This piece of natural description is very stimulating. While there are certain misstatements due to ignorance, there is sincerity in the whole: it is the outcry of a civilized European who feels his sense of values to be outraged. Mr. Douglas would be outraged at the thought of himself taking an attitude of orthodox respectability; yet he does so here. There is, indeed, truth in the passage, but not — as Mr. Douglas has said in parallel circumstances — the whole truth. It would be as easy to caricature an oak and a weeping willow as loathsome examples of senility and obeseness: it is a matter of point of view. Mr. Douglas’s caricature is, indeed, so excellent that one recognizes the gum and could recognize no other tree in it. I am a devout reader of his prolific writings, have enjoyed “South Wind,” “Siren Land,” “Old Calabria” (whence this quotation comes), “Alone,” “Looking Back,” and several other of his books; and cannot gainsay the author’s fundamental sanity and genius, yet there is one thing I know well which Mr. Douglas does not. I mean the gum tree in its infinite variety of species and individuality. I have yet to witness a single withered, fire-scarred, flood-marked example which does not look beautiful drenched in sun-glamour at the end of day or sparkling with dew in the early morning. And there are massive and magnificent trees which look beautiful at any time of the day or night. Mr. Douglas has not seen any, as I have done, grotesque and ugly, ghastly in glare and mirage, insanely clutching and huddling under the stars, and horribly tortured under the glimmer of a red moon; yet I am not alone in seeing a stark and vivid beauty about them even then.

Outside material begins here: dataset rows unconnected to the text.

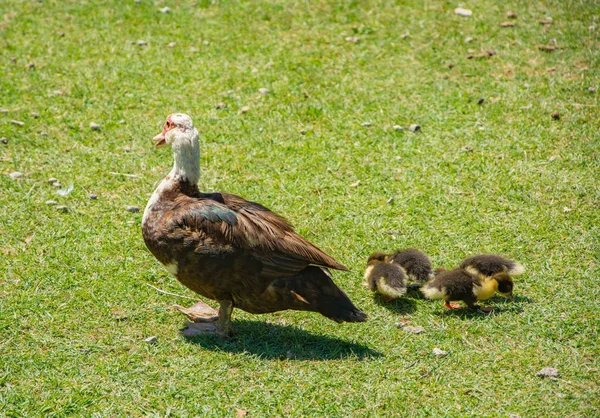 Mãe Pato Com Patinhos Andando Grama Verde — Fotografia de Stock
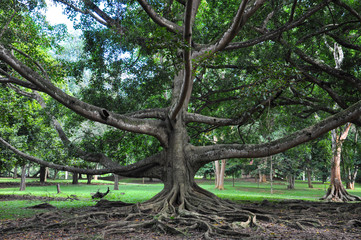 Incredibly large and wide Moreton Fig tree or Ficus macrophylla with huge long land roots in the nature park.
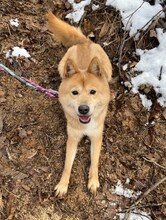 BLAIR, Hund, Jindo-Mix in Korea (Südkorea) - Bild 1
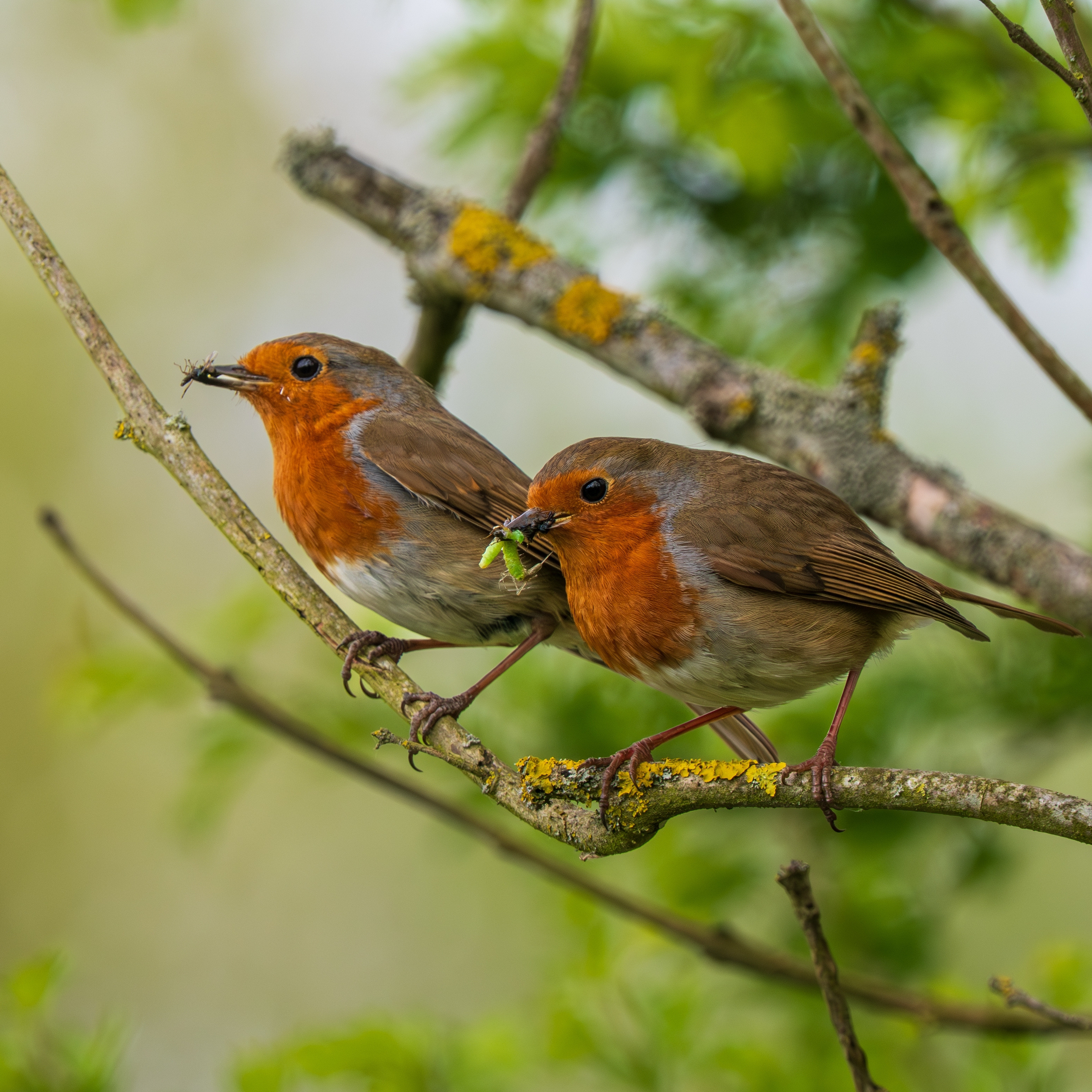 Robins feeding on garden insects and caterpillars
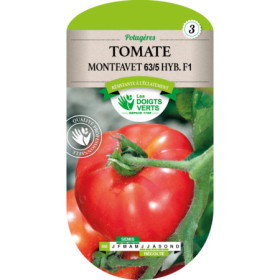 Tomate Montfavet F1 Hybride : Coulis & Sauces Précoces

In spite of sternness, Mr. Douglas does relent for an instant, and catches a fleeting glimpse of beauty in the gum trees: “. . . their foliage is here thickly tufted, it glows like burnished gold in the sunshine, like enamelled scales of green and gold.” Thank you, Mr. Douglas, for the mite! It symbolizes a first step. Before long, the strange, unorthodox beauty of the Australian gum tree, and many other manifestations of beauty peculiar to this country, will find a sure place in the standards of general culture, which will be one stage nearer universality and so much the richer.


“Jindyworobak” is an Aboriginal word meaning “to annex, to join,” and I propose to coin it for a particular use. The Jindyworobaks, I say, are those individuals who are endeavouring to free Australian art from whatever alien influences trammel it, that is, to bring it into proper contact with its material. They are the few who seriously realize that an Australian culture depends on the fulfilment and sublimation of certain definite conditions, namely:

1. A clear recognition of environmental values.

2. The debunking of much nonsense.

3. An understanding of Australia’s history and traditions, primaeval, colonial, and modern.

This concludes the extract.